Metamath Proof Explorer

Theorem sltmul

Description: An ordering relationship for surreal multiplication.
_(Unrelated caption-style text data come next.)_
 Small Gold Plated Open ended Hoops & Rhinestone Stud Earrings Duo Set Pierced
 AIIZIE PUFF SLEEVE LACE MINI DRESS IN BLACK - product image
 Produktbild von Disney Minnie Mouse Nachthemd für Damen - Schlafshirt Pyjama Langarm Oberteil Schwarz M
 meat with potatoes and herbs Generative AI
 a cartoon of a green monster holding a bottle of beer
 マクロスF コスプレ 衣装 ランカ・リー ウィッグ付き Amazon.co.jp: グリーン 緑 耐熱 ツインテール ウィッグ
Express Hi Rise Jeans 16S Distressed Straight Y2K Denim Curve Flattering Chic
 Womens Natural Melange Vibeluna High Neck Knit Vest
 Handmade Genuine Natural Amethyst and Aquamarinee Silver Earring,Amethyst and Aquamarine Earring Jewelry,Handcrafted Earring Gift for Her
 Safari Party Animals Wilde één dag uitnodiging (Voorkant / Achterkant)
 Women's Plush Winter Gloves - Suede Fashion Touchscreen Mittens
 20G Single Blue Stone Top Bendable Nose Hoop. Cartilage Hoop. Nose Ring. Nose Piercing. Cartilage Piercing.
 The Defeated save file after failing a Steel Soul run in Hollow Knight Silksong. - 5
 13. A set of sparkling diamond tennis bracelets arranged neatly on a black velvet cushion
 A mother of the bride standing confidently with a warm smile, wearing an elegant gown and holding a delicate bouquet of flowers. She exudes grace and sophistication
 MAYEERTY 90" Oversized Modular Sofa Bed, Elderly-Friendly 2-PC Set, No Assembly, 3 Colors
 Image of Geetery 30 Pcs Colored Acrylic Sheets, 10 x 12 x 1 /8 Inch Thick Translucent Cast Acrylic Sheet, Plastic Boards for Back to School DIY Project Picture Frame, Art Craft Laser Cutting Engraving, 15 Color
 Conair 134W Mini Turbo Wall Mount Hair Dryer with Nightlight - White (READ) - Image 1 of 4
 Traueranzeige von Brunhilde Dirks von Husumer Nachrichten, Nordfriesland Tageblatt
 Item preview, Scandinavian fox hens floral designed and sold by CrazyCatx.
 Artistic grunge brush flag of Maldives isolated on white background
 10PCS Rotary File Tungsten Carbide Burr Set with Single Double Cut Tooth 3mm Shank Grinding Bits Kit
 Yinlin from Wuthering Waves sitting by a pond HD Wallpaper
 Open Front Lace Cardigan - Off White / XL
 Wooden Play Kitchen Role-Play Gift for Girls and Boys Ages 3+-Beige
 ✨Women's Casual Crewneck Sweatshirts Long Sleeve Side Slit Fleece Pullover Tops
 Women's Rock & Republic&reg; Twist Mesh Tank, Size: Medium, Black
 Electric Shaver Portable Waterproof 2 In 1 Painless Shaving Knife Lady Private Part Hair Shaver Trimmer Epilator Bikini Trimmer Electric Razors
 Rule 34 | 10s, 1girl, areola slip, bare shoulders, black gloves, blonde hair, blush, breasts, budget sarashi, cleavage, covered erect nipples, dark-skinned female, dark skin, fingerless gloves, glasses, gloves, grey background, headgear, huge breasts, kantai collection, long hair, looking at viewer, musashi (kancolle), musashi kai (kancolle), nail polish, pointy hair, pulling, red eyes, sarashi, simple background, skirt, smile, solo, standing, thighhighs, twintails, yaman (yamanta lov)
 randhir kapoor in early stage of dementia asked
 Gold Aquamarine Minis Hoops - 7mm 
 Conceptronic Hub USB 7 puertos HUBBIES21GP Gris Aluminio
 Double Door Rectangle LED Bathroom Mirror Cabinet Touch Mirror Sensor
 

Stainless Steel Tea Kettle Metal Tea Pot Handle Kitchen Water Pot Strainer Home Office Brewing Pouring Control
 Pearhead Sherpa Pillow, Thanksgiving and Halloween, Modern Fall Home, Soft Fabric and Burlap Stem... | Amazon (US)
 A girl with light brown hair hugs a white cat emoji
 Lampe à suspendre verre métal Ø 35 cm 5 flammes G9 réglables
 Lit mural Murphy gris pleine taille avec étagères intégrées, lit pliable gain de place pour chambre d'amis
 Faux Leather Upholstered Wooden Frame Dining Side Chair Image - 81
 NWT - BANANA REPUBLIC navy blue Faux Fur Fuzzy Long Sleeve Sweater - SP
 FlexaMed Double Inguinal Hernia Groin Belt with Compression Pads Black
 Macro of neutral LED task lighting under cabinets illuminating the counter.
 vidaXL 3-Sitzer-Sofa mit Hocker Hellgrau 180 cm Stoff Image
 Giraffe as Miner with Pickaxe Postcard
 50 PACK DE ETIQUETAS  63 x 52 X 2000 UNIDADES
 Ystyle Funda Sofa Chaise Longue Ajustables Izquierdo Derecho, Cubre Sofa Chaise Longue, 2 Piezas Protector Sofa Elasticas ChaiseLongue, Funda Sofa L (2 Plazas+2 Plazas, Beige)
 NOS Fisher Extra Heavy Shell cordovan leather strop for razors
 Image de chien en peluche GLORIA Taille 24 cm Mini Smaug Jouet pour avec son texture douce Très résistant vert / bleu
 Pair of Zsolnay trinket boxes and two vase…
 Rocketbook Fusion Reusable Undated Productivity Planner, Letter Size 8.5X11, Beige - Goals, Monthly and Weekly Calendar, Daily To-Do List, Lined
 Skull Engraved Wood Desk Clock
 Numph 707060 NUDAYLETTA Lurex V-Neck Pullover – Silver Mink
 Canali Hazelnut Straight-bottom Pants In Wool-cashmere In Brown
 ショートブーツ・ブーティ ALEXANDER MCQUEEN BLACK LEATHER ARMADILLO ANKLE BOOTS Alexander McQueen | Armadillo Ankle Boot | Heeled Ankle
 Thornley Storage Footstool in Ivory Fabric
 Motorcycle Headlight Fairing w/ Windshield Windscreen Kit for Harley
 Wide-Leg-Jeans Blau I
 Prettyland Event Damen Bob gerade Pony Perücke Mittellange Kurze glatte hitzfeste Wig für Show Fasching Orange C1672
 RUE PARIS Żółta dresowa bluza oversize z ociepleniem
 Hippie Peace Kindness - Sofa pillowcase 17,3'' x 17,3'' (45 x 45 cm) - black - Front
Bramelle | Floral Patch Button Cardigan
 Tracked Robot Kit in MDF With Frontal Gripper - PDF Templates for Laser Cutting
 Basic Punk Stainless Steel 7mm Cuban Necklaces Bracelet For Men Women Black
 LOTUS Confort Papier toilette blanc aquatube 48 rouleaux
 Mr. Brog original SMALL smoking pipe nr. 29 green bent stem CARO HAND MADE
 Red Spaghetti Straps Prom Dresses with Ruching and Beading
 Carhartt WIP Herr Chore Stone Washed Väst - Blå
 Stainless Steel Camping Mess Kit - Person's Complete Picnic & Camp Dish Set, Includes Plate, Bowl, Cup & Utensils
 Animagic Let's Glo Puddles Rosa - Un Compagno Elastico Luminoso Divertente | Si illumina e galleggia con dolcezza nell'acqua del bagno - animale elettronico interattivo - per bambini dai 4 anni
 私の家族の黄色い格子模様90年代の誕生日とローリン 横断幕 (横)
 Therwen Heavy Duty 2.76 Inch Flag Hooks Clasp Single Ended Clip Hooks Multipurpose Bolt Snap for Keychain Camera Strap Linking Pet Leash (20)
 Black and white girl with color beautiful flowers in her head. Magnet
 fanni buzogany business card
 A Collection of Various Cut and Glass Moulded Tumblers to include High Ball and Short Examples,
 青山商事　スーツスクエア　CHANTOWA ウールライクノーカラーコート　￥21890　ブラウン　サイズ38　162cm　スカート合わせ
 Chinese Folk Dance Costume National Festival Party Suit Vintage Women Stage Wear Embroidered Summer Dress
Compare theorem 8(iii) of Conway p. 19. (Contributed by Scott Fenton, 5-Mar-2025)

		Ref	Expression
	Assertion	sltmul	⊢ ( ( ( 𝐴 ∈ No ∧ 𝐵 ∈ No ) ∧ ( 𝐶 ∈ No ∧ 𝐷 ∈ No ) ) → ( ( 𝐴 <s 𝐵 ∧ 𝐶 <s 𝐷 ) → ( ( 𝐴 ·_s 𝐷 ) -_s ( 𝐴 ·_s 𝐶 ) ) <s ( ( 𝐵 ·_s 𝐷 ) -_s ( 𝐵 ·_s 𝐶 ) ) ) )

Proof

Step	Hyp	Ref	Expression
1		0sno	⊢ 0_s ∈ No
2	1 1	pm3.2i	⊢ ( 0_s ∈ No ∧ 0_s ∈ No )
3		mulsprop	⊢ ( ( ( 0_s ∈ No ∧ 0_s ∈ No ) ∧ ( 𝐴 ∈ No ∧ 𝐵 ∈ No ) ∧ ( 𝐶 ∈ No ∧ 𝐷 ∈ No ) ) → ( ( 0_s ·_s 0_s ) ∈ No ∧ ( ( 𝐴 <s 𝐵 ∧ 𝐶 <s 𝐷 ) → ( ( 𝐴 ·_s 𝐷 ) -_s ( 𝐴 ·_s 𝐶 ) ) <s ( ( 𝐵 ·_s 𝐷 ) -_s ( 𝐵 ·_s 𝐶 ) ) ) ) )
4	2 3	mp3an1	⊢ ( ( ( 𝐴 ∈ No ∧ 𝐵 ∈ No ) ∧ ( 𝐶 ∈ No ∧ 𝐷 ∈ No ) ) → ( ( 0_s ·_s 0_s ) ∈ No ∧ ( ( 𝐴 <s 𝐵 ∧ 𝐶 <s 𝐷 ) → ( ( 𝐴 ·_s 𝐷 ) -_s ( 𝐴 ·_s 𝐶 ) ) <s ( ( 𝐵 ·_s 𝐷 ) -_s ( 𝐵 ·_s 𝐶 ) ) ) ) )
5	4	simprd	⊢ ( ( ( 𝐴 ∈ No ∧ 𝐵 ∈ No ) ∧ ( 𝐶 ∈ No ∧ 𝐷 ∈ No ) ) → ( ( 𝐴 <s 𝐵 ∧ 𝐶 <s 𝐷 ) → ( ( 𝐴 ·_s 𝐷 ) -_s ( 𝐴 ·_s 𝐶 ) ) <s ( ( 𝐵 ·_s 𝐷 ) -_s ( 𝐵 ·_s 𝐶 ) ) ) )